◆ **ACTIVITY**: "SNITEL PANE DE PORC CU LEGUME SI CARTOFI" appears in one line; retype that line and all lines following it through the end of the records, with nothing left out or added.

◆ **DATA SUPPLIED**:
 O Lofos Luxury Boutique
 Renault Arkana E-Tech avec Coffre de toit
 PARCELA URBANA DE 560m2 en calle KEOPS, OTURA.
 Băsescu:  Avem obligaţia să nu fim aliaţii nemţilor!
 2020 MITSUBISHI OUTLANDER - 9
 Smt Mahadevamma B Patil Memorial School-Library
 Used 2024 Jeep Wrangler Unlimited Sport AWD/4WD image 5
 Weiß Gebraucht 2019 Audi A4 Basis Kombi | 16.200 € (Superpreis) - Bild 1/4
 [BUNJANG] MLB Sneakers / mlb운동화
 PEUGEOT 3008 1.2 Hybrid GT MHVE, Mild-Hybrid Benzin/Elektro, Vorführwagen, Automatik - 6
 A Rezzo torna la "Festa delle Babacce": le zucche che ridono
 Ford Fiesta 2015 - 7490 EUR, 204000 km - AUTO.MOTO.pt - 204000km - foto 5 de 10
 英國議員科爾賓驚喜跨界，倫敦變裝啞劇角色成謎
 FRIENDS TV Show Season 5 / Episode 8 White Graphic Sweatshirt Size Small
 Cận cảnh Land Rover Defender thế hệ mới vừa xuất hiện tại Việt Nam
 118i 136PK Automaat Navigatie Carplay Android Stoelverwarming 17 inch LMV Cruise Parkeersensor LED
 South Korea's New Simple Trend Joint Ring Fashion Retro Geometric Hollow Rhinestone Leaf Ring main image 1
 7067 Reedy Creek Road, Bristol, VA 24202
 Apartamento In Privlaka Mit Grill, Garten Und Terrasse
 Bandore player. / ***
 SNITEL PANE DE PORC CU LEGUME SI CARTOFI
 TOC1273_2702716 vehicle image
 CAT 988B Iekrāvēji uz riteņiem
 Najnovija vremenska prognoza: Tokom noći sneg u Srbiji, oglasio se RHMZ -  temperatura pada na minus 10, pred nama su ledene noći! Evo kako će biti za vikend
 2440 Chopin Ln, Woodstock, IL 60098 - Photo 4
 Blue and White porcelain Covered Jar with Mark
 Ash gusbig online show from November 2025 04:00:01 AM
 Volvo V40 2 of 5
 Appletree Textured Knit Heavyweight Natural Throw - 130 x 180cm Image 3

◆ **ANSWER SPACE**:
 SNITEL PANE DE PORC CU LEGUME SI CARTOFI
 TOC1273_2702716 vehicle image
 CAT 988B Iekrāvēji uz riteņiem
 Najnovija vremenska prognoza: Tokom noći sneg u Srbiji, oglasio se RHMZ -  temperatura pada na minus 10, pred nama su ledene noći! Evo kako će biti za vikend
 2440 Chopin Ln, Woodstock, IL 60098 - Photo 4
 Blue and White porcelain Covered Jar with Mark
 Ash gusbig online show from November 2025 04:00:01 AM
 Volvo V40 2 of 5
 Appletree Textured Knit Heavyweight Natural Throw - 130 x 180cm Image 3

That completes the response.